Aqui no Brasil ainda é forte a cultura da roupa nova: ela denota poder aquisitivo, acesso a bens materiais, mas mais importante, capricho, limpeza e cuidado. Isso não se reserva às roupas – temos o costume de jogar fora o que está quebrado, imperfeito, danificado, ainda que siga cumprindo sua função. Olhamos com desdém para quem mantém consigo itens que demonstrem sinais do tempo e somos levados pela onda da obsolescência programada.

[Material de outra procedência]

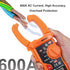 Digital Clamp Meter Auto-Ranging Multimeter for Electricians: Measure AC Current 600 A, AC/DC Voltage, Resistance, NCV,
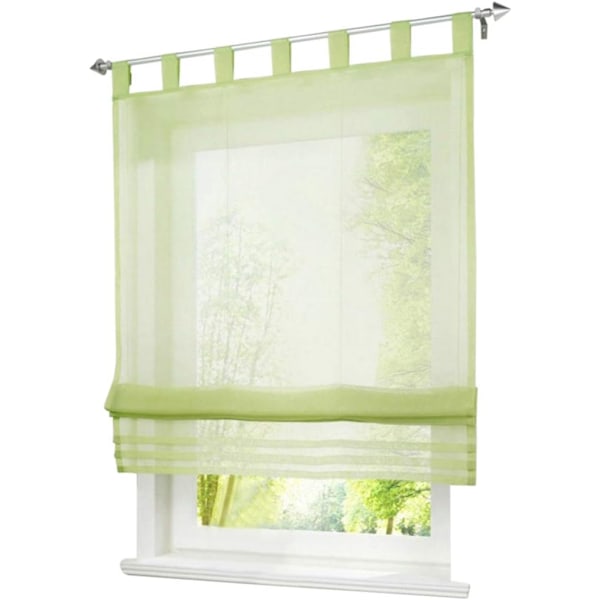 1 stk. Romersk rullegardin Transparent Simpelt Gardin Voile Flig Gardin Vindue Dekoration Soveværelse/Badeværelse/Balkon (BxH/120x155cm, Grøn)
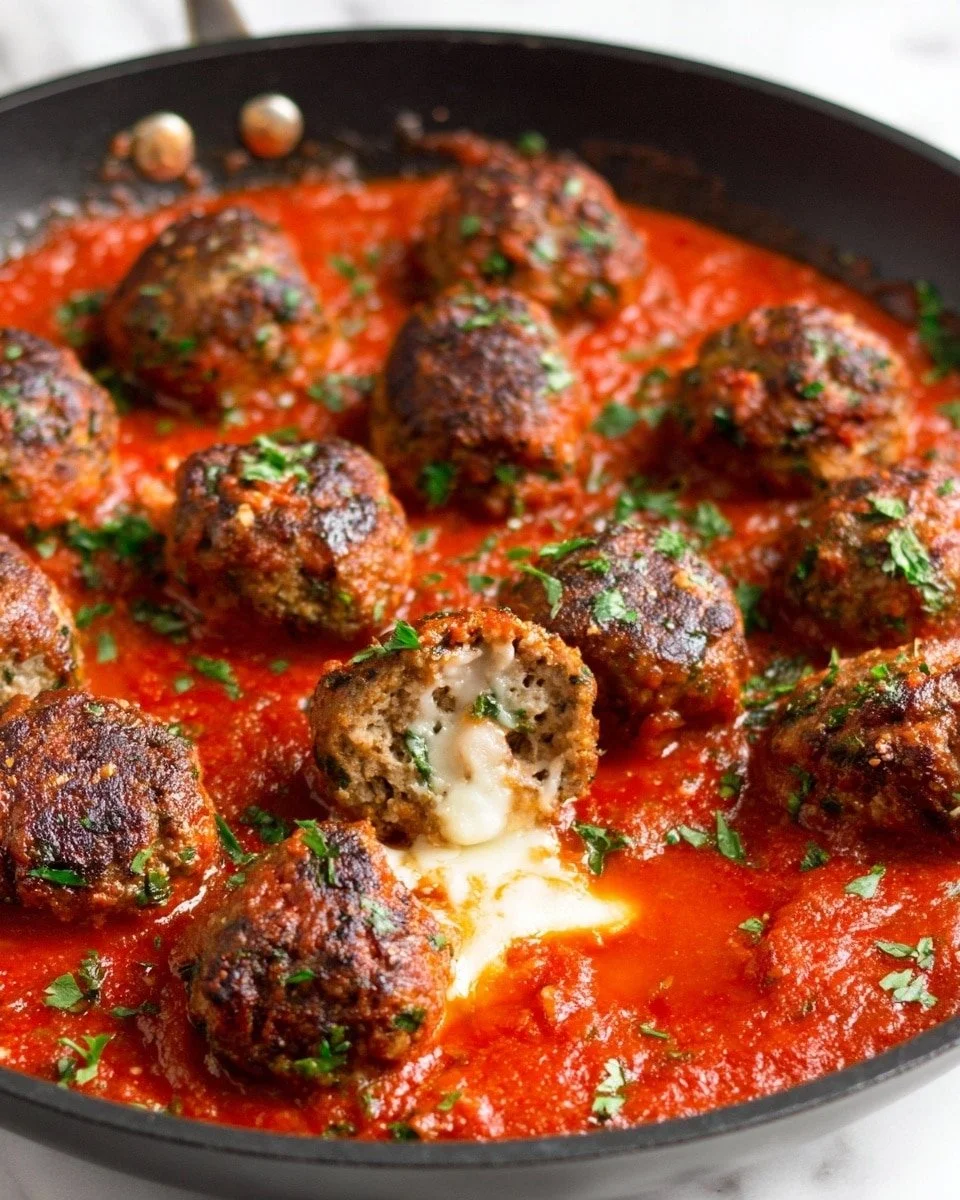 Mozzarella-stuffed meatballs in marinara sauce served on a plate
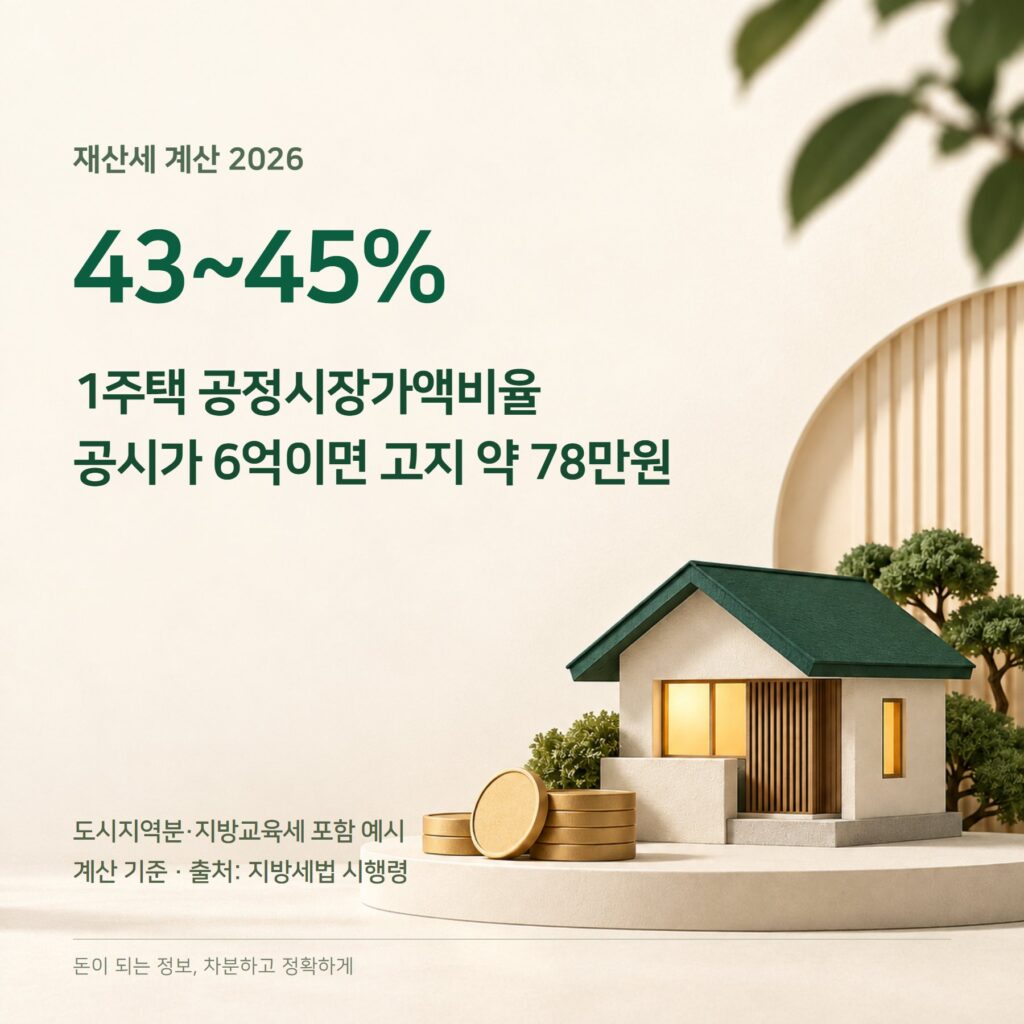 재산세 계산 2026 — 공정시장가액비율 43~45%·세율·계산기
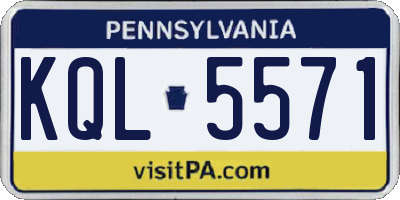 PA license plate KQL5571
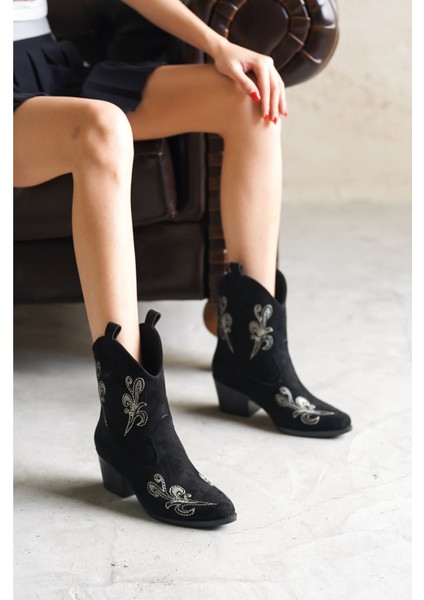 Kadın Sidney Nakışlı Kovboy Bot - Siyah indirimleri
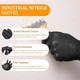 Guardall 8.0 Mil Black Nitrile PF Industrial Gloves, Diamond Texture, 500/Bucket, B8050D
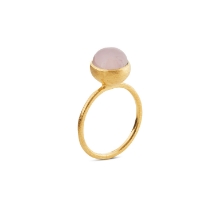 Billede af Susanne Friis Bjørner Ring sølv forgyldt lyserød krystal 8mm str. 57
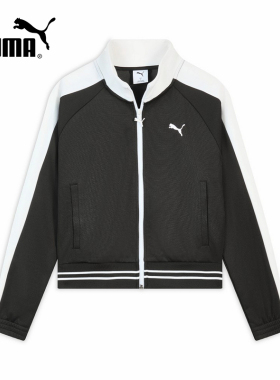 PUMA彪马春季新款黑色经典T7运动休闲夹克女款针织外套638392-01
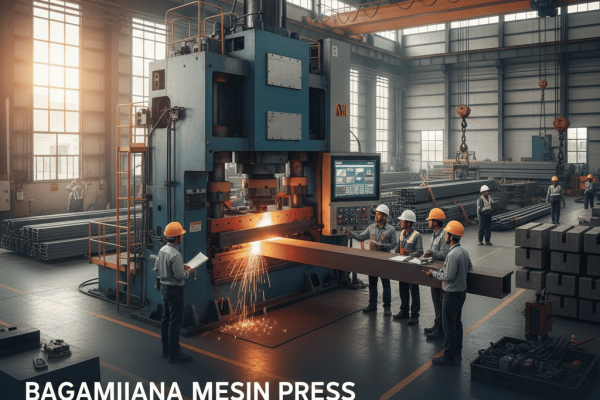 Bagaimana Mesin Press Membantu Industri Konstruksi Ilustrasi mesin press hidrolik mencetak pelat logam untuk konstruksi modern.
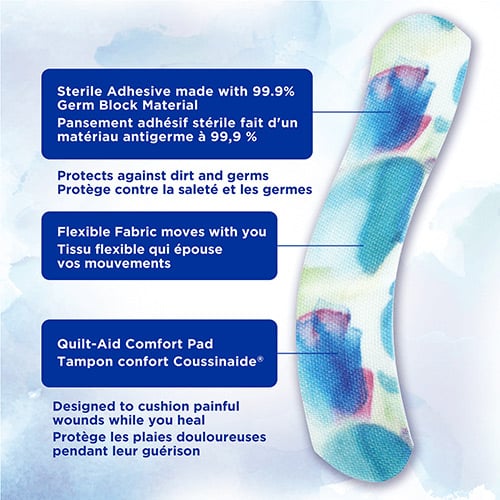 BAND-AID® Flexible Fabric bandage with Watercolour design and product claims stating 'Protects against dirt and germs, Designed to cushion painful woundswhile you heal'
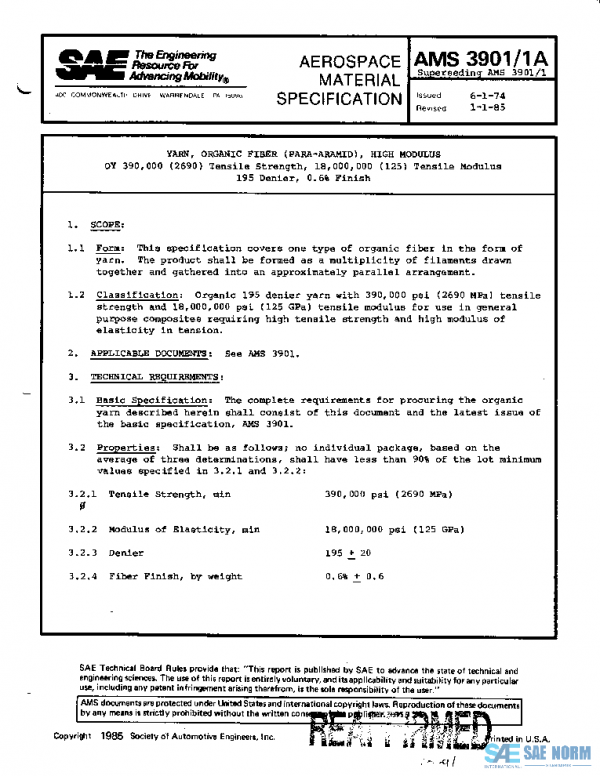 SAE AMS3901/1A PDF SAE AMS3901/1A PDF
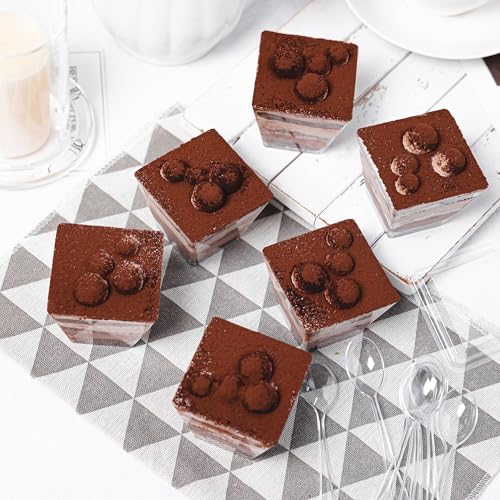 50 Pack 4oz Clear Mini Dessert Cups with Spoons - Reusable Appetizer Bowls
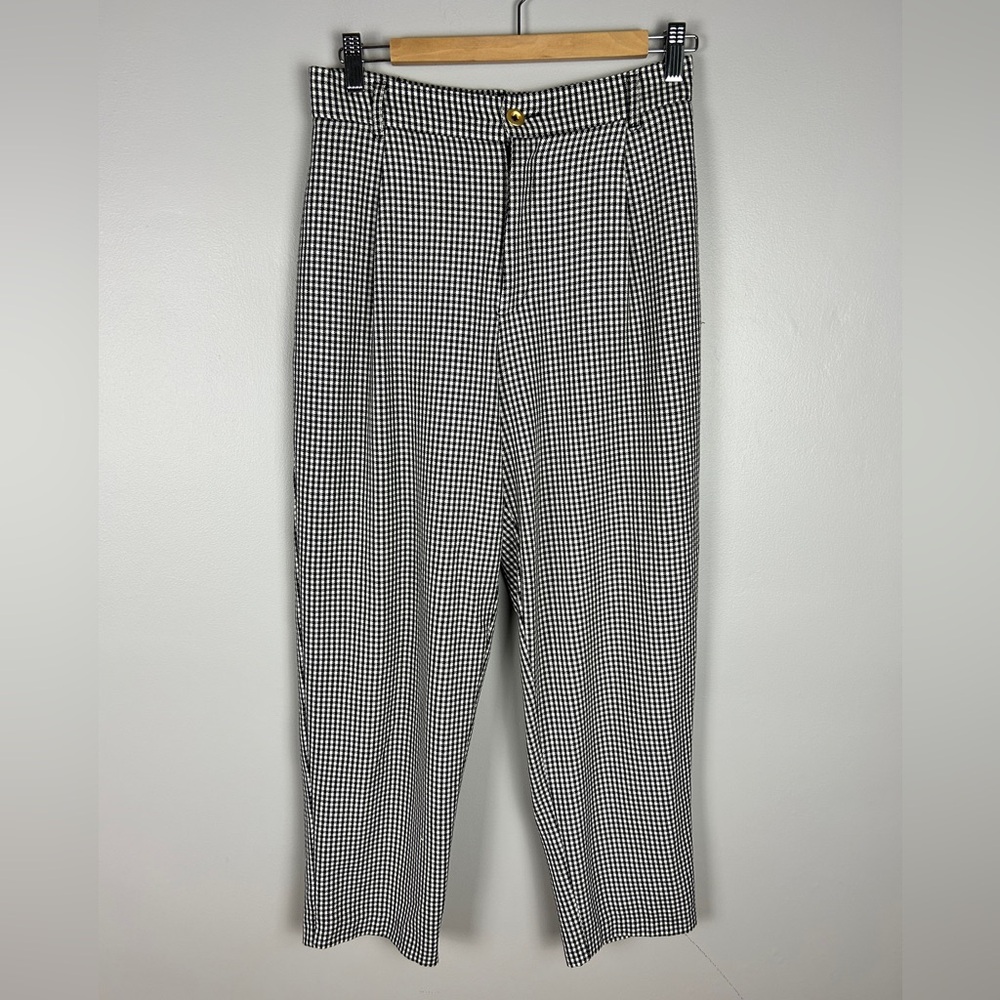 ZARA Houndstooth Trouser Pants‎ Size Med Pleated Straight Leg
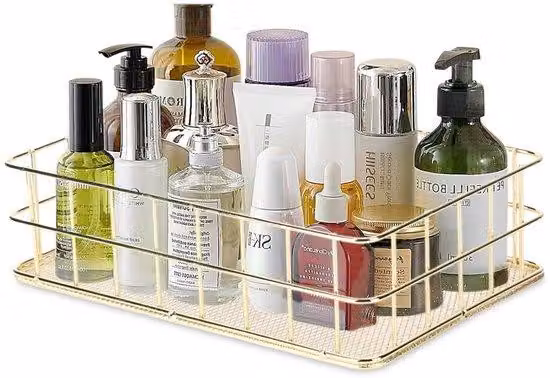 Organizzatore spazioso in acciaio inossidabile – Organizzatore da scrivania – Stabile e resistente – Ideale per la conservazione di prodotti cosmetici – Pratica soluzione con cassetti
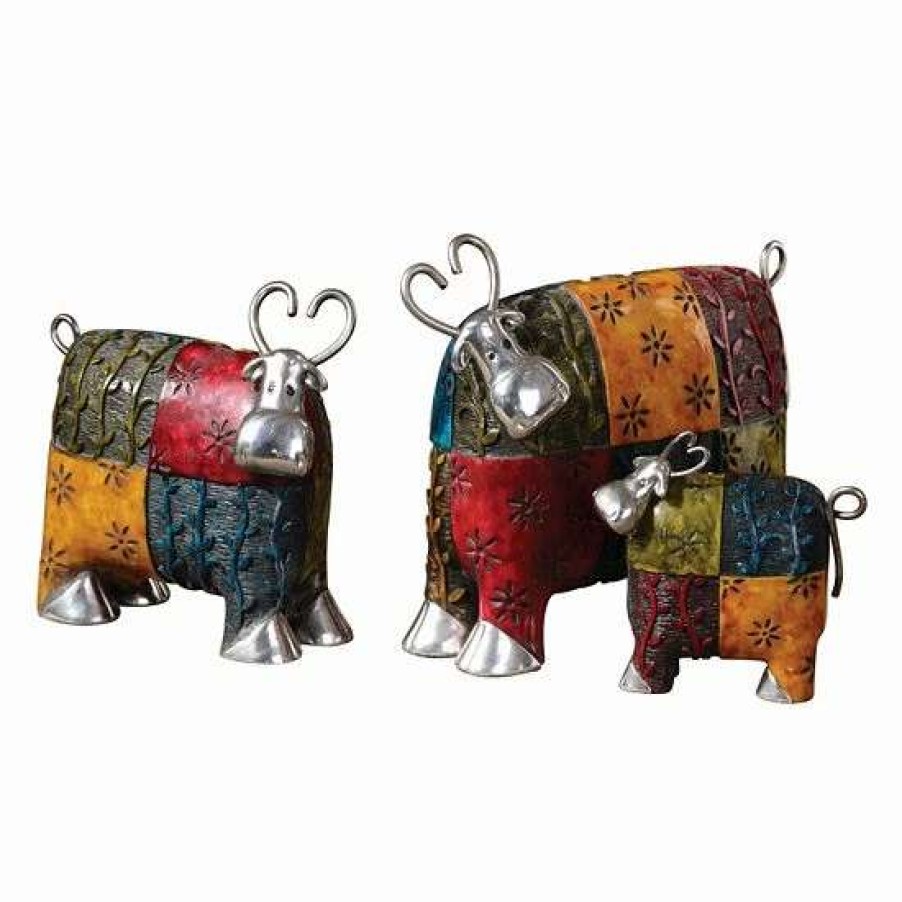 Home Decor * | Uttermost 3-Pc. Colorful Cows Decor Set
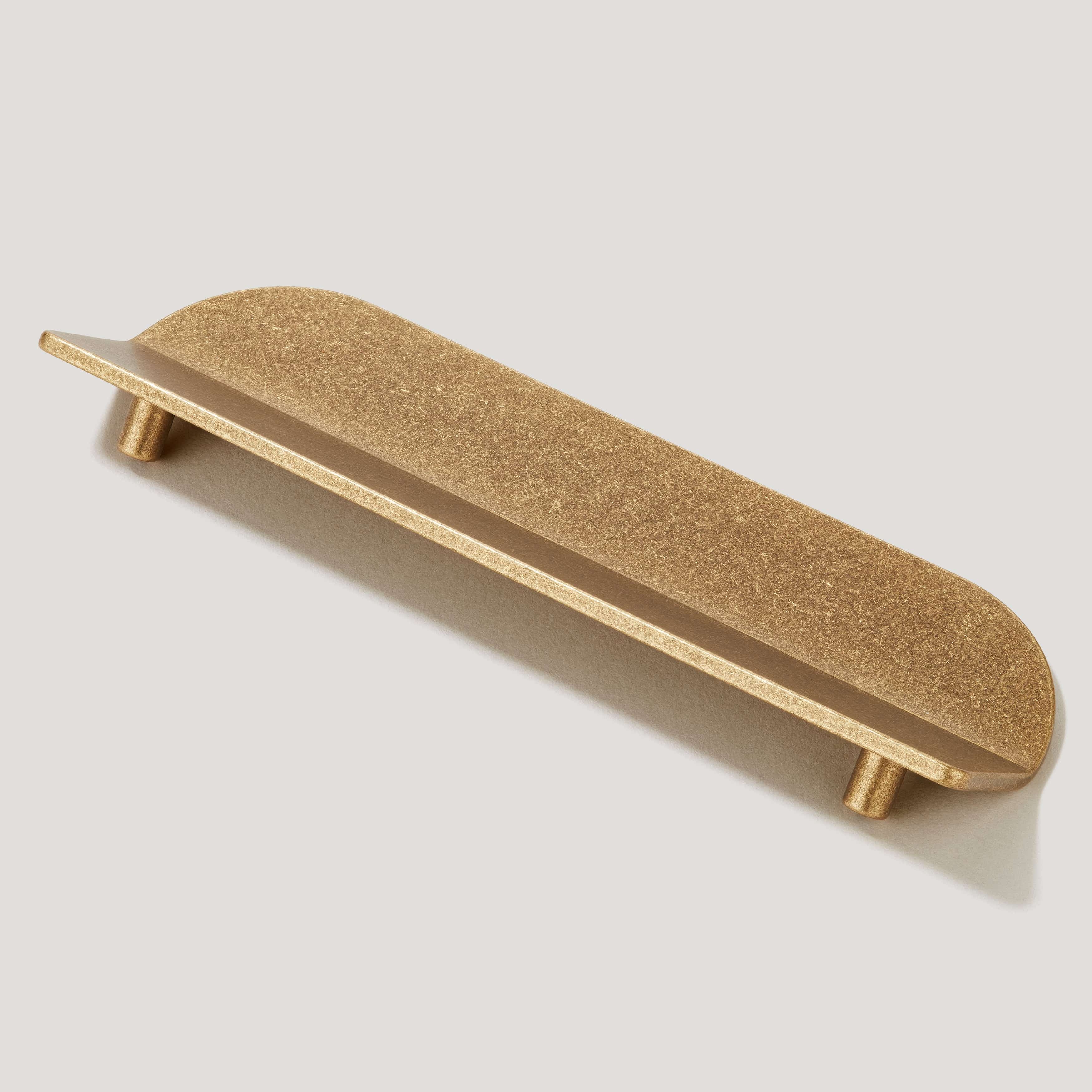 Plank Hardware Cabinetry 160mm (128mm CC) FOLD Long D Shape Front Mounted Handle - Aged Brass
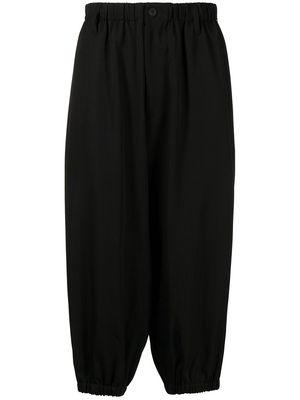 Yohji Yamamoto gathered wide-leg cropped trousers - Black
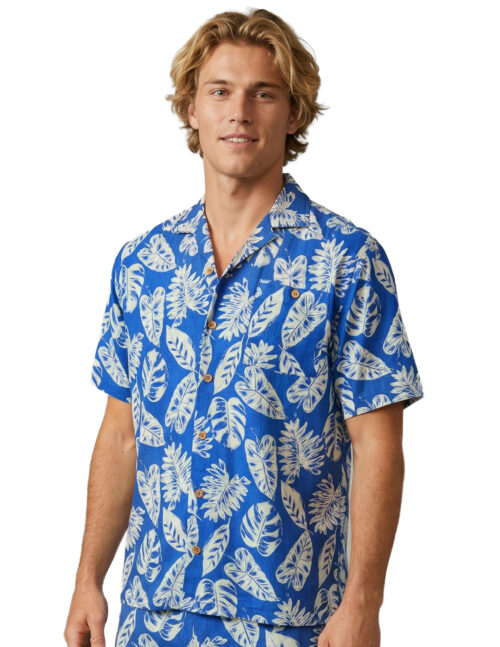 Uzzi Hawaiian Shirt - Short Sleeve Dri-FIT Stretch Leaves Shirts for Men #HPS23 NAVY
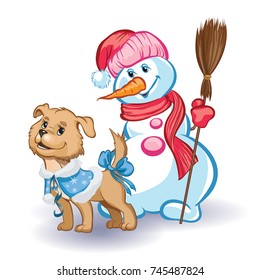 dog symbol of the year in blue dress and a snowman on a white background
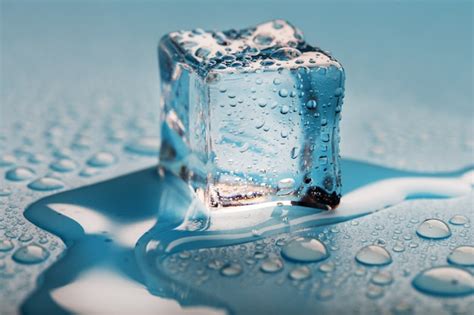 Cubo De Hielo Con Gotas De Agua El Hielo Se Est Derritiendo Foto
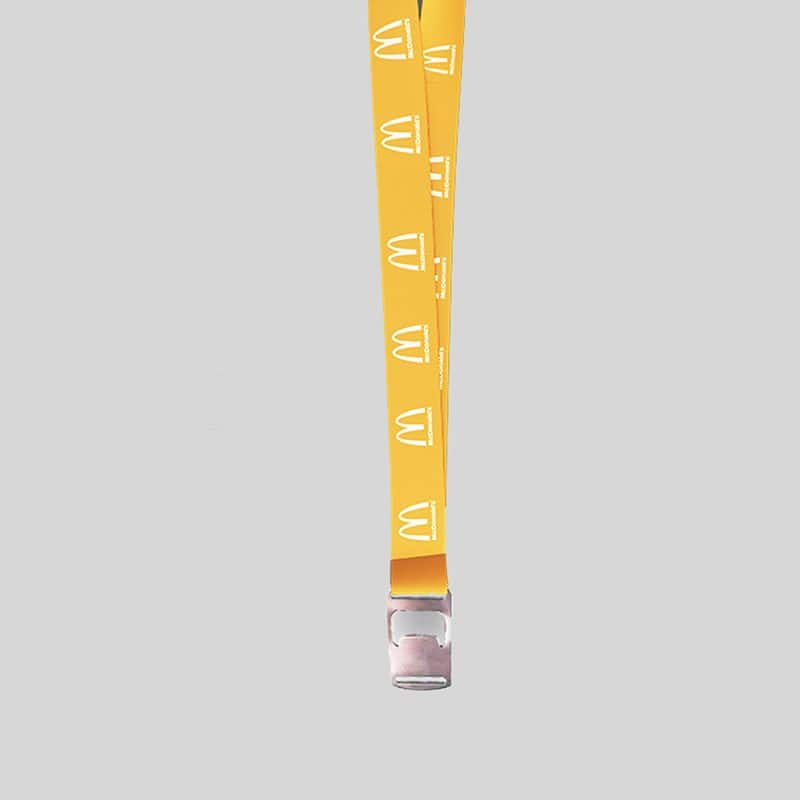 1" Yellow custom lanyard printed with company logo with Bottle Opener attachment 1" - 1
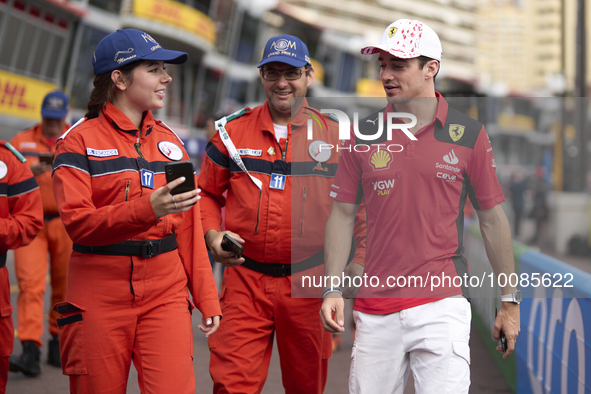 Charles Leclerc of Monaco and Ferrari during previews ahead of the F1 Grand Prix of Monaco at Circuit de Monaco on May 25, 2023 in Monte-Car...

Num passado não tão longínquo, o estado impecável de roupas e outras posses era cultural – os ricos exibiam tecidos caros e pertences novos, para estabelecer sua superioridade social, e os pobres tentavam reproduzir, com itens mais acessíveis e muitas vezes herdados de outros membros da família, a mesma atenção para com estética: a roupa podia até não ser nova, mas estava limpa, não apresentava danos, representava o cuidado com a aparência e com a apresentação mesmo na falta de grana. Ao mesmo tempo, durante muitos séculos roupas foram um bem material escasso e caro, precisavam ser mantidas e cuidadas, e não eram consideradas descartáveis: é daí que vem o hábito de remendar, inclusive o de criar remendos visíveis e artísticos.
Na era atual de busca por meios de vida mais sustentáveis e resgate de práticas antigas de manutenção e conservação de bens diversos, os remendos visíveis pouco a pouco retomam seu lugar ao sol. Diferente do upcycling, que visa utilizar produtos e matéria prima já existente e transformá-los em algo inteiramente novo, o visible mending apenas resgata um item danificado do possível descarte, reparando o dano de maneira visível e recriando parte daquela roupa. Os remendos, além de darem um toque original às roupas, também contam a história daquela peça e de quem a usa.
No exterior uma das maiores praticantes do visible mending é Erin Lewis-Fitzgerald, autora do livro “Modern Mending” – algo como “Remendos Modernos” em português. Outro livro sobre o assunto é o Mending Matters, da Katrina Rodabaugh, que pode ser traduzido como “Remendar Importa”.
Aqui no Brasil ainda há poucas pessoas dedicadas inteiramente a remendar – normalmente são iniciativas de gente que faz upcycling, costura, bordados e, no meio disso tudo, surgem alguns trabalhos com remendos visíveis. Thaís Ribeiro, do Roupa Refeita, levanta bandeira do ativismo têxtil: preservar e cuidar de nossas roupas como arma de transformação do mercado de moda. Na página dela há trabalhos de upcycling, costura e, também, remendos visíveis. Kiko Deejay tem um trabalho de restauração e customização de calçados que mescla sustentabilidade e cultura street. A Pero Moda Criativa trabalha com upcycling, venda de roupas de segunda mão e, também, remendos visíveis. Mas enquanto na gringa mulheres estão investindo no visible mending como profissão e escrevendo livros sobre o assunto, por terras brasileiras ele ainda aparece ocasionalmente, em projetos específicos ou encomendas, e não é muito popular.
A ideia de remendar uma roupa ainda nos parece abrir mão de etiquetas estéticas que em maior ou menor nível garantem nosso aceitação social – a roupa nova, sem defeitos, é o cartão de visita do cidadão adequado. Ainda assim, é no remendar que está uma grande oposição ao sistema capitalista de moda que causa tantos danos ecológicos e tem tantos problemas com ética de trabalho e respeito básico aos trabalhadores: é no remendar que nossas peças de roupa sobrevivem, é no cuidar que evitamos consumo desnecessário, e no utilizar nossas roupas por muito tempo que contornamos a obsolescência programada da indústria de moda e aos poucos mostramos às corporações como queremos consumir e o valor que damos ao que compramos.